DeepHealth Secures FDA Clearance for 90%+ Sensitive BAC Assessment and Mammo Dx
RDNT•DeepHealth, RadNet’s AI unit, secured FDA 510(k) clearances for its BAC Assessment tool—demonstrating over 90% sensitivity and 88% specificity in identifying arterial calcifications—and its prior exam integration dubbed Mammo Dx.
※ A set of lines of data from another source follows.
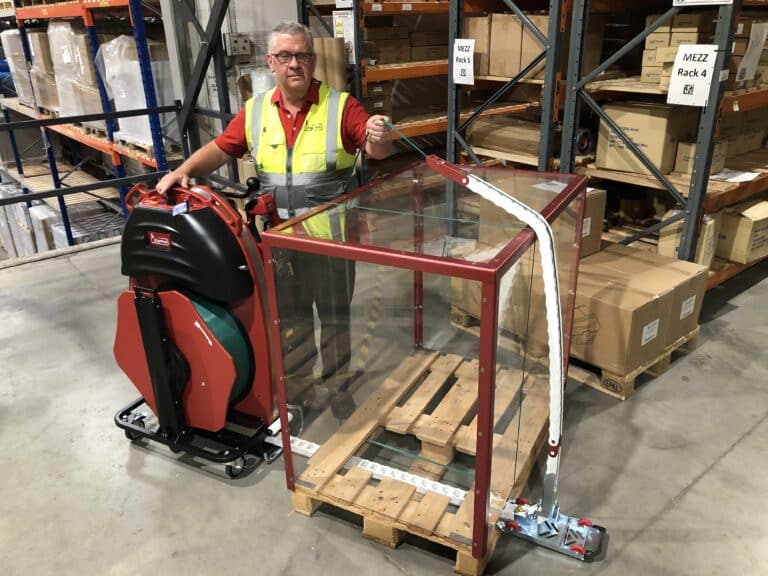 ErgoPack pallet strapping machine being used to strap a pallet. Wessex Packaging is the official GB ErgoPack distributor.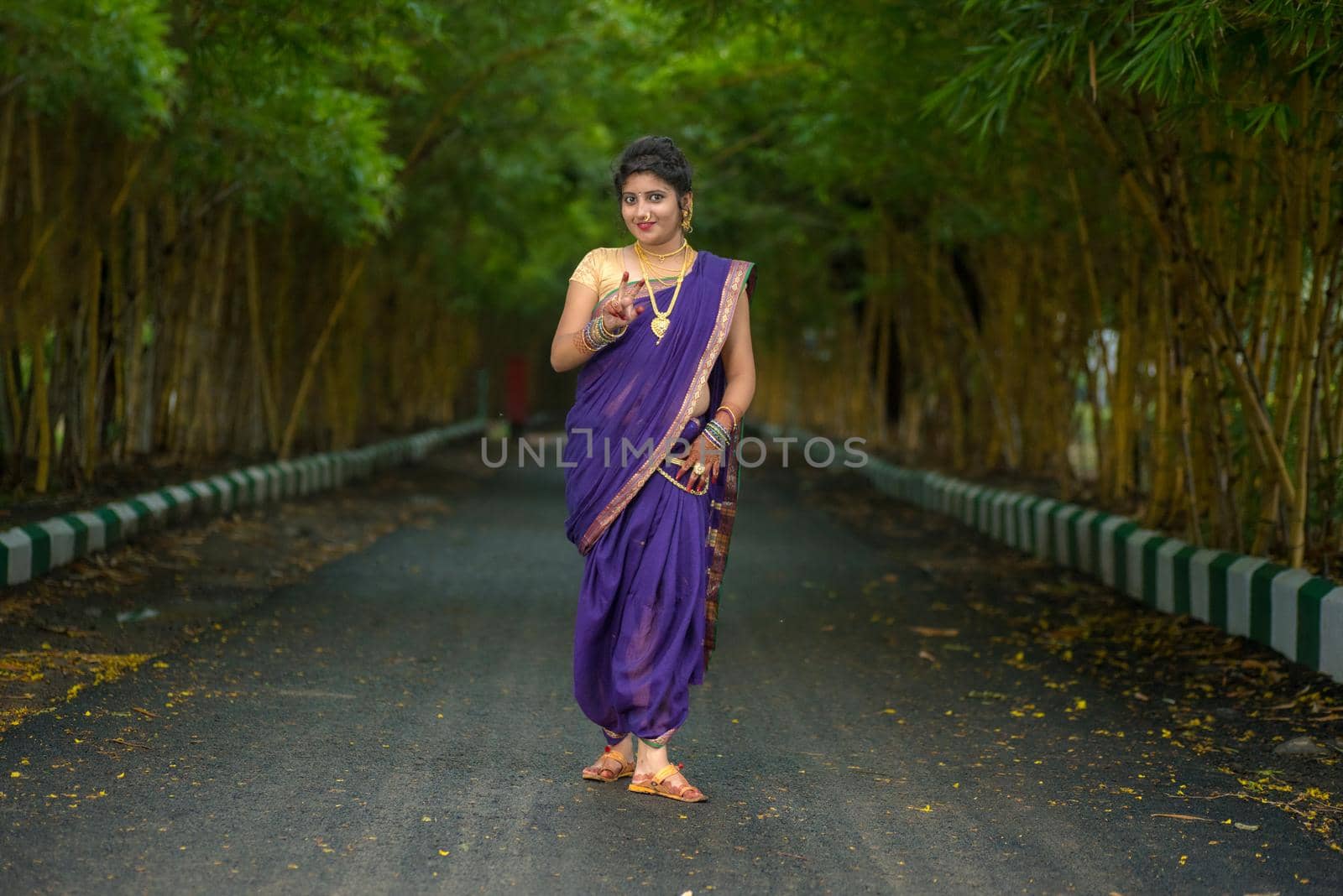 Indian Traditional Beautiful young girl in saree posing outdoors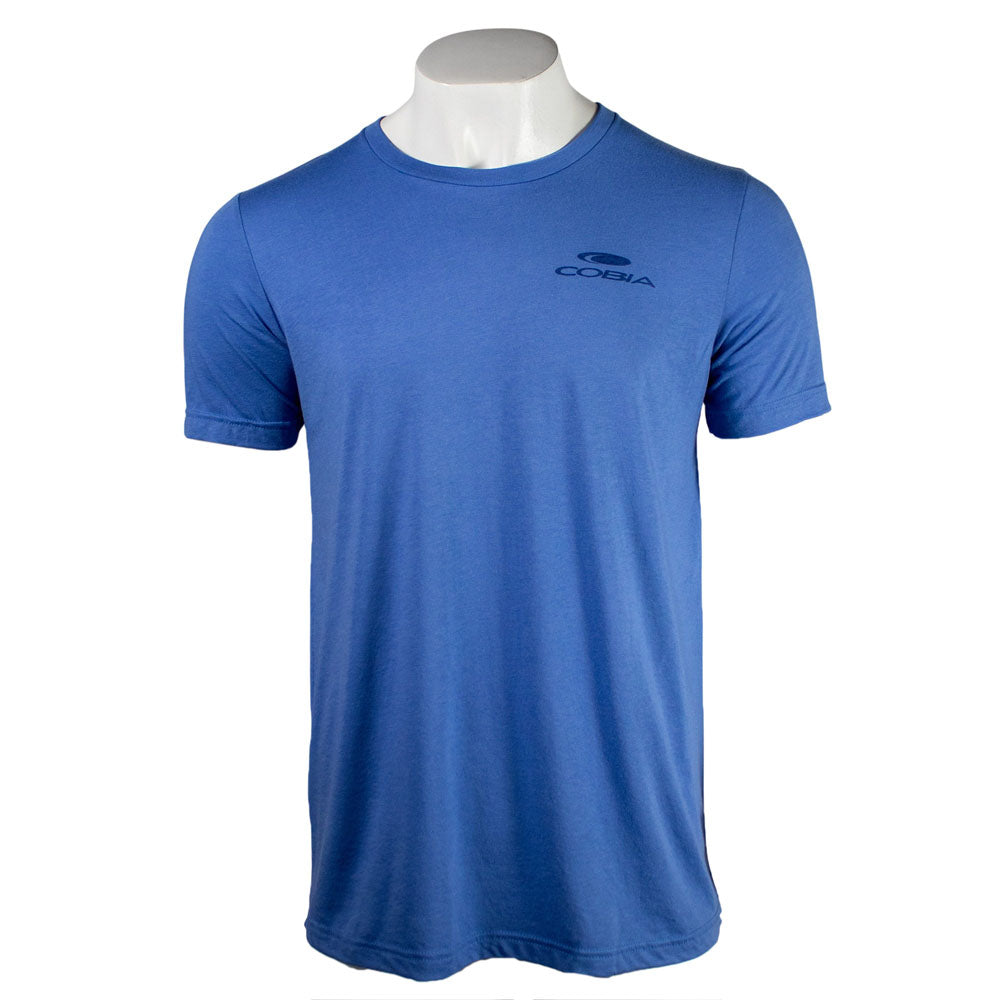 Front of a blue tee with a dark blue cobia logo on the left chest. 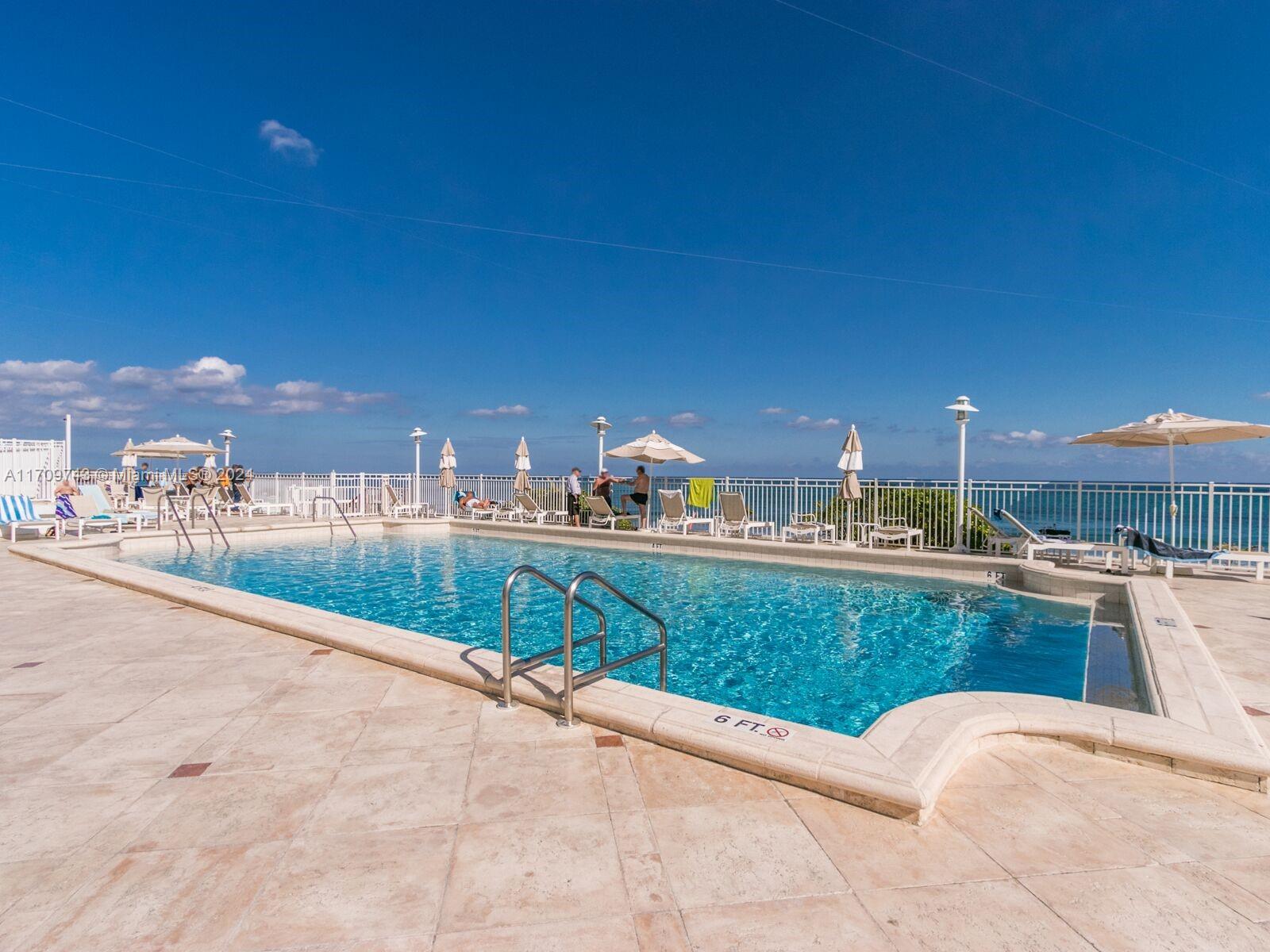 1200 South Ocean Boulevard, Unit PHF Boca Raton, FL 33432 - Photo 38 of 65 a view of swimming pool outdoor seating and city view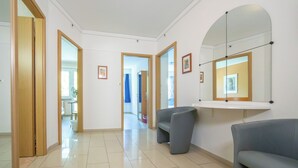 A hallway with a grey sofa, a mirror, and framed pictures on the wall. - PRIMADOM Aparthotel (Geneva)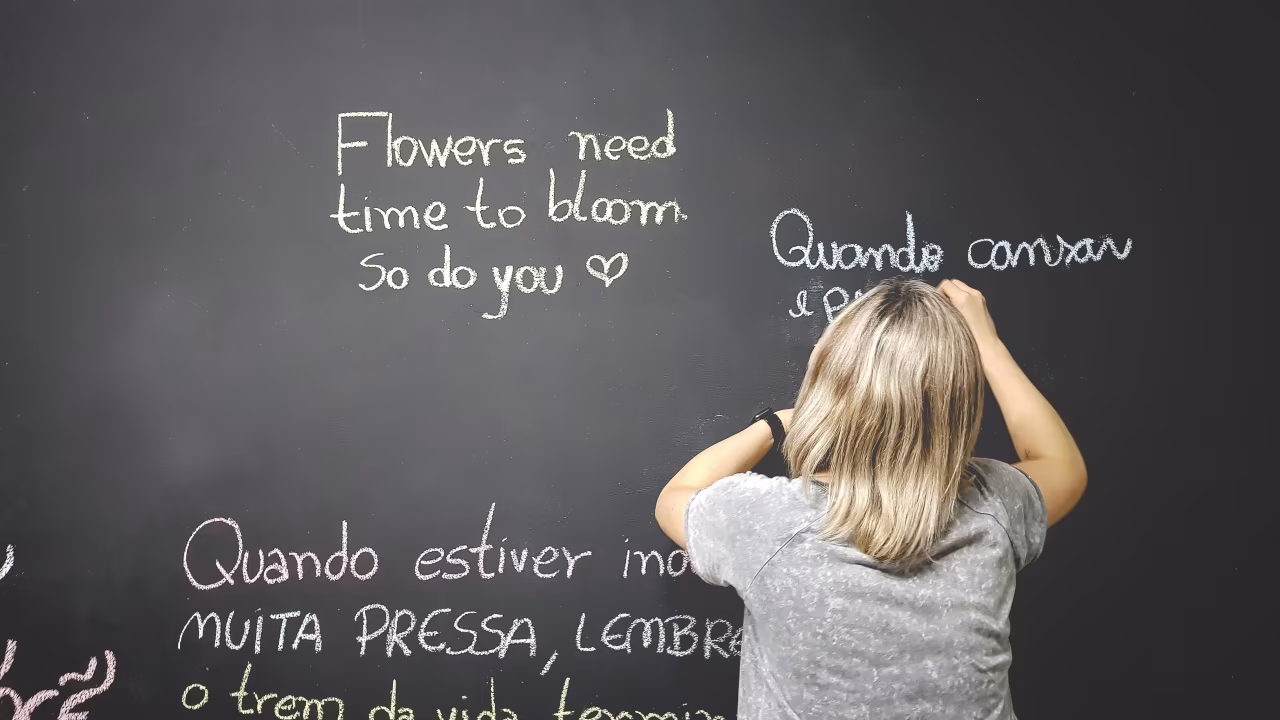 Moerstaal bordtekst met 'Flowers need time to bloom so do you ♥' en Portugese woorden geschreven met krijt als inspiratiemotivatie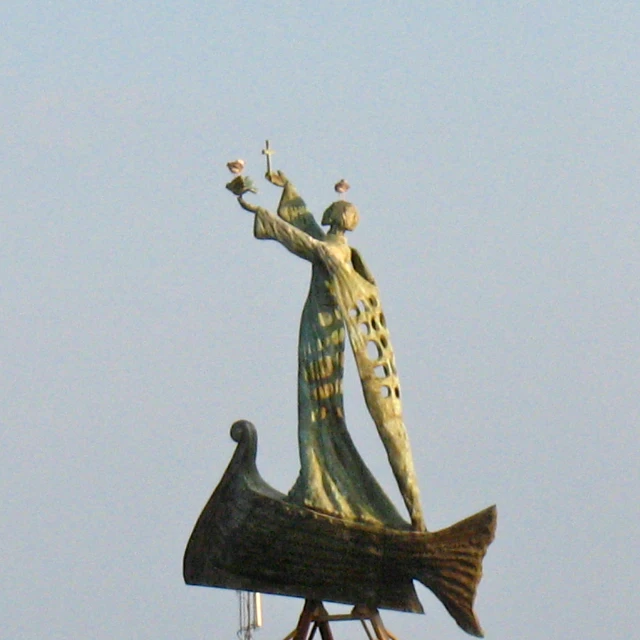 a statue is standing on top of a clock tower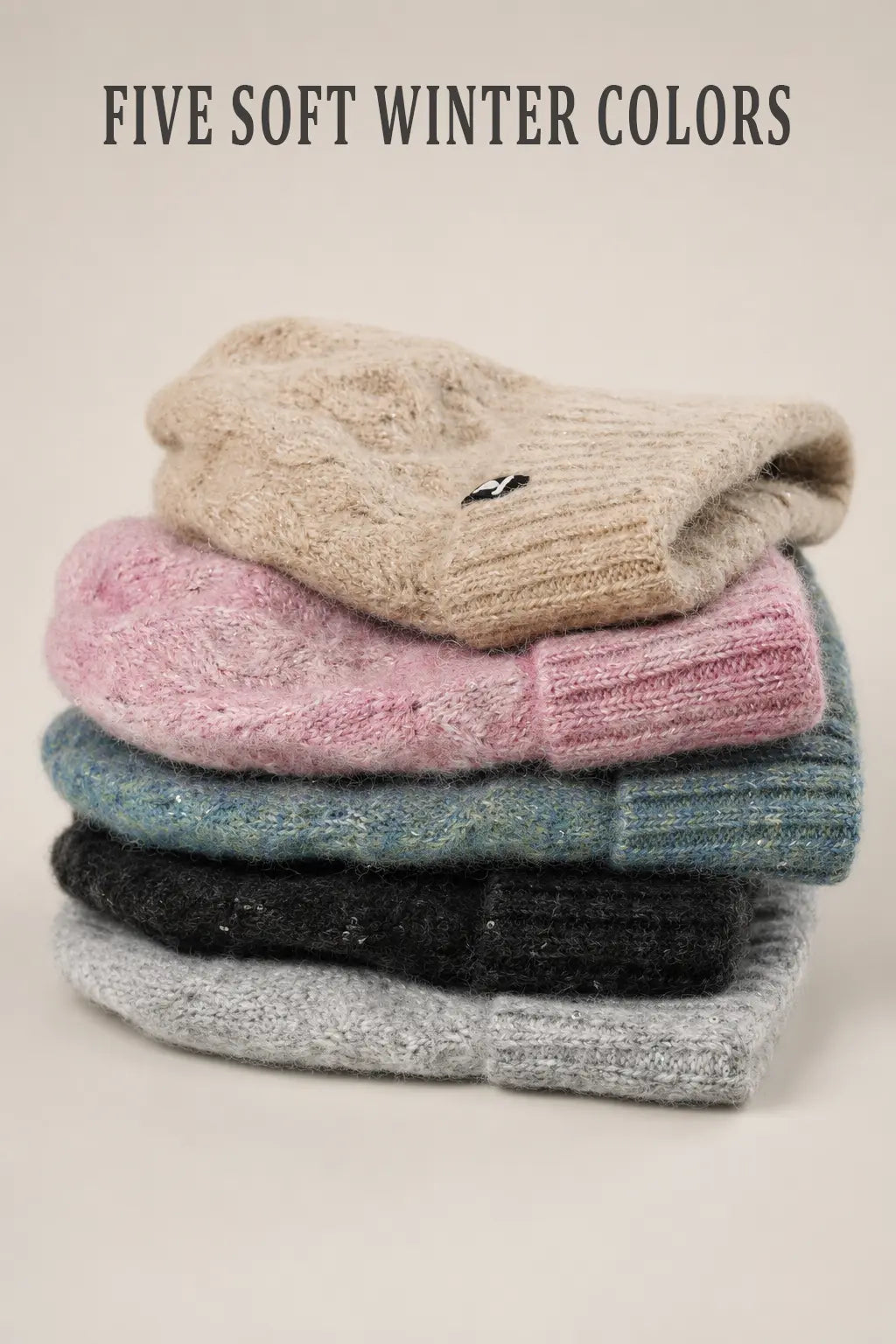 Five fuzzy cuffed winter beanies stacked in beige, pink, light blue, black and light gray.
Both enhancements are now commercially available across RadNet’s U.S. imaging centers, expanding its AI breast imaging portfolio.
1. FDA 510(k) Clearances
DeepHealth, a wholly owned subsidiary of RadNet, received FDA 510(k) clearances for two new Breast Suite functionalities: Breast Arterial Calcification (BAC) Assessment and prior exam integration in ProFound Pro, now branded as Mammo Dx.
2. BAC Assessment Functionality and Performance
BAC Assessment applies to standard 2D (FFDM) and 3D (DBT) mammograms to automatically identify and flag breast arterial calcifications—linked to elevated cardiovascular risk—with clinical testing showing over 90% sensitivity and more than 88% specificity across dense and non-dense breast tissue.
3. Prior Exam Integration with Mammo Dx
Mammo Dx processes past and current mammogram studies to track prior lesions and highlight new ones, enabling radiologists to compare exams over time, reduce false positives and improve cancer detection accuracy.
4. Commercial Availability and Market Impact
Both FDA-cleared tools are now commercially available in the U.S. and will be deployed across RadNet’s network of imaging centers, reinforcing its Breast Suite AI portfolio—which supports diagnostic accuracy on more than 10 million mammograms annually—and driving growth in its Digital Health segment.